Bases: MultiFunctionFit

Parameters:
  • function_names (list[str]) –

  • constraints (list[str] | None) –

  • scipy_length (int) –

  • fixed_length (int | None) –

  • max_nfev_scalar (int) –

class atomcloud.fits.MultiFunction1D(function_names, constraints=None, use_jax=False)[source]

Bases: MultiFunc

1D cloud multi-function class which inherits from the base class. It uses the imported dictionary of 2D function objects as it’s base dictionary of function objects, but also allows the user to add custom function objects to the dictionary of function objects.

See base class for more details.

Parameters:
  • function_names (list[str]) –

  • constraints (list[str] | None) –

  • use_jax (bool) –

class atomcloud.fits.MultiFunction2D(function_names, constraints=None, use_jax=False)[source]

Bases: MultiFunc

2D cloud multi-function class which inherits from the base class. It uses the imported dictionary of 2D function objects as it’s base dictionary of function objects, but also allows the user to add custom function objects to the dictionary of function objects.

Parameters:
  • function_names (list[str]) – The keys for the function objects in the registry which will be used in the multi-function

  • func_registry – The registry of function objects

  • constraints (list[str] | None) – A list of constraints which will be applied to the the functions in the multi-function (see ConstrainedMultiFunction for more details)

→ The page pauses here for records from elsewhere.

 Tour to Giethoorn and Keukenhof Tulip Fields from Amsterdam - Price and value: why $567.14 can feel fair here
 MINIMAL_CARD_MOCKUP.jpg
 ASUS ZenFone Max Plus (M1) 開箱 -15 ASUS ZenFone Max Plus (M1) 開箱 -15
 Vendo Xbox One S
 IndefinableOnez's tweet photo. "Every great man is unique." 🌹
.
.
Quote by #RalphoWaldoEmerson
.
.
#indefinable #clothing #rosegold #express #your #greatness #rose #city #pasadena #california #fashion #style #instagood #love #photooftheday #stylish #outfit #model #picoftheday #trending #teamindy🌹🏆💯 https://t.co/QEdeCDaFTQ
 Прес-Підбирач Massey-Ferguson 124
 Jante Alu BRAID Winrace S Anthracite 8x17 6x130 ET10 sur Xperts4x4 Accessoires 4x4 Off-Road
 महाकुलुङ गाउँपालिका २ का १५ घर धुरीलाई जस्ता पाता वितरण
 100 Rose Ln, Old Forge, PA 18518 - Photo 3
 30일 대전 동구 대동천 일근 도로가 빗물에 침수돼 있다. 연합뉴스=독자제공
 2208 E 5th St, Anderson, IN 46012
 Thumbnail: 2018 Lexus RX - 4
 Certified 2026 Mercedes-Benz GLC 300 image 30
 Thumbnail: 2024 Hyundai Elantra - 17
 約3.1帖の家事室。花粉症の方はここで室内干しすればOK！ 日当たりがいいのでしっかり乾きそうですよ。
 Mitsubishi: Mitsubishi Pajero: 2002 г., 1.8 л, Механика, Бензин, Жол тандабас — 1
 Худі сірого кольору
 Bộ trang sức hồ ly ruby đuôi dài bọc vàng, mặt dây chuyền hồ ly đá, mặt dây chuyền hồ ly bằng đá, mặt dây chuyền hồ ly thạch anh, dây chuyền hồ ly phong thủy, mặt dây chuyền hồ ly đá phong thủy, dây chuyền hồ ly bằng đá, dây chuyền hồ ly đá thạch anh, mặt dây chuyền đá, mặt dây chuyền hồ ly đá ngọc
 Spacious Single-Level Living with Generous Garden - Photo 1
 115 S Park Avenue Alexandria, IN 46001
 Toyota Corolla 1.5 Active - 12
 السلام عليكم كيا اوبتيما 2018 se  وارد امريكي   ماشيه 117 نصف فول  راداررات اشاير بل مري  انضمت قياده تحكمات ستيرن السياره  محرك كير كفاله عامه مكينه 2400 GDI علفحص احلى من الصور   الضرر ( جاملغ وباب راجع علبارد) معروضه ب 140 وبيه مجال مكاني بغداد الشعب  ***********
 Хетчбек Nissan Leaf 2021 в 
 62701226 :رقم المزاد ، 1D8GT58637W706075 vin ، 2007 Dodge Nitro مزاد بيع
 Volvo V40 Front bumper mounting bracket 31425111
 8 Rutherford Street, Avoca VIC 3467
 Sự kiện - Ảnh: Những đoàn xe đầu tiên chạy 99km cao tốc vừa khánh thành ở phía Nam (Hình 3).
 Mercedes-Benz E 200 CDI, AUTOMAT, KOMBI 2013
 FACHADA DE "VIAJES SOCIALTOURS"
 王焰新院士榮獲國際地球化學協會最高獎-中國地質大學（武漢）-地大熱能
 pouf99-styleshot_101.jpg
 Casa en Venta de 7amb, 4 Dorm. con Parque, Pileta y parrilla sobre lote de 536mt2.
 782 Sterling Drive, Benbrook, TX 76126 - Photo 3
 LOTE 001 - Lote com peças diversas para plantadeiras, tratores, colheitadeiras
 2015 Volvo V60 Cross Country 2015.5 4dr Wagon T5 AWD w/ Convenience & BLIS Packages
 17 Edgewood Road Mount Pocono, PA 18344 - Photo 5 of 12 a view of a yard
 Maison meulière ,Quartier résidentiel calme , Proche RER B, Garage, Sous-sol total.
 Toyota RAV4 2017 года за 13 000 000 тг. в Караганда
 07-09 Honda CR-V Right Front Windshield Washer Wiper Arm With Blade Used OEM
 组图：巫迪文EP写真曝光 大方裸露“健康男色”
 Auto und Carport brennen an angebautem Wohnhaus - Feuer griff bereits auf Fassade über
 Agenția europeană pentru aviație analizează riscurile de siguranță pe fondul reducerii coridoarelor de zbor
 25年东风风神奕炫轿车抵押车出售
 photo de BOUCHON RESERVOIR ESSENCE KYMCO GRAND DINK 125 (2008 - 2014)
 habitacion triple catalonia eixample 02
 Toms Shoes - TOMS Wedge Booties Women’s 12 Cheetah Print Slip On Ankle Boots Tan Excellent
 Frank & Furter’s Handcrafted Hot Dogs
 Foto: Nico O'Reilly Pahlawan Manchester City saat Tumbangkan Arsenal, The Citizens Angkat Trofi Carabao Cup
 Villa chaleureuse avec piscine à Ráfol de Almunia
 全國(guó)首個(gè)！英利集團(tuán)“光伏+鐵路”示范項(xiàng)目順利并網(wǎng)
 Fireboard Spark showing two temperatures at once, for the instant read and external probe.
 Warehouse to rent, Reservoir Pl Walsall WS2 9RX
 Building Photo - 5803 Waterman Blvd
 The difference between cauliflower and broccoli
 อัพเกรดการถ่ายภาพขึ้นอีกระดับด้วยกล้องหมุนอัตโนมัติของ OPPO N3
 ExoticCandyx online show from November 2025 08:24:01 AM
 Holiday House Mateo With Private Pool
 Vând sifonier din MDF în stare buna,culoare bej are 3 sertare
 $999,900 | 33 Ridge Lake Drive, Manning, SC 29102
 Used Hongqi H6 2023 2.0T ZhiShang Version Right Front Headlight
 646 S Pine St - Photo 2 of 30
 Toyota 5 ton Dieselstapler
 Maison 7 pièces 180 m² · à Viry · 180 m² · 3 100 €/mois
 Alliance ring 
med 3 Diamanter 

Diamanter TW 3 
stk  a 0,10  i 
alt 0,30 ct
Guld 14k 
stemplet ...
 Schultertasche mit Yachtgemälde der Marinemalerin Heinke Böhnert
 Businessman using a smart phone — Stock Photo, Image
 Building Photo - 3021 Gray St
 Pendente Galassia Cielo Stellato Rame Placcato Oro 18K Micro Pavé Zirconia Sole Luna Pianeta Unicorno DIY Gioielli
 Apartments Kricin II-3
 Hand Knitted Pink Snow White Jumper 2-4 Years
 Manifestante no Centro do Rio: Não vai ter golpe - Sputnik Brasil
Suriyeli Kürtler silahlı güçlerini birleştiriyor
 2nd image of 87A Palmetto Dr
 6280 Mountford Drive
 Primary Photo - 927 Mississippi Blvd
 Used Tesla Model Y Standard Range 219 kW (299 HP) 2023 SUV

  • use_jax (bool) – If True, the functions in the multi-function will be created using JAX. If False, the functions will be created

Returns:

None

class atomcloud.fits.MultiFunctionFit(function_names, multi_func, func_registry, fit_label, max_nfev_scalar=50, constraints=None, scipy_length=1000.0, fixed_length=None)[source]

Bases: ABC

Parameters:
  • function_names (list[str]) –

  • multi_func (object) –

  • func_registry (dict) –

  • fit_label (str) –

  • max_nfev_scalar (int) –

  • constraints (list[str] | None) –

  • scipy_length (int) –

  • fixed_length (str | None) –

fit_object_init(multi_func)[source]

Initialize the JAXFit object and function. This is only done if JAX is installed and SciPy length is not None.

Parameters:

multi_func (object) – multi-function object to be used

Return type:

None

flatten_fit_data(coords, data)[source]

Flatten the data and coordinates to be fit.

Parameters:
  • coords (ndarray | Iterable[ndarray]) – coordinates of the data

  • data (ndarray) – data to be fit (must be same shape as coords)

Returns:

flattened coordinates of the data flat_data: flattened data to be fit

Return type:

flat_coords

get_default_bounds()[source]

Get the default bounds for the fit. This is a tuple of two lists one for the lower bounds and one for the upper bounds. The lower and upper bounds are each returned as a list of lists where each sublist is the bounds for a single function.

Returns:

tuple of the lower and upper bounds

Return type:

bounds

get_default_seed(coords, data)[source]

Get the default seed for the fit. This is a list of lists where each sublist is the seed for a single function.

Parameters:
  • coords (ndarray | Iterable[ndarray]) – coordinates of the data

  • data (ndarray) – data to be fit

Returns:

list of the seed parameters

Return type:

seed

get_fit(coords, data, seed=None, bounds=None, sigma=None, mask=None, uncertainty=False, verbose=False)[source]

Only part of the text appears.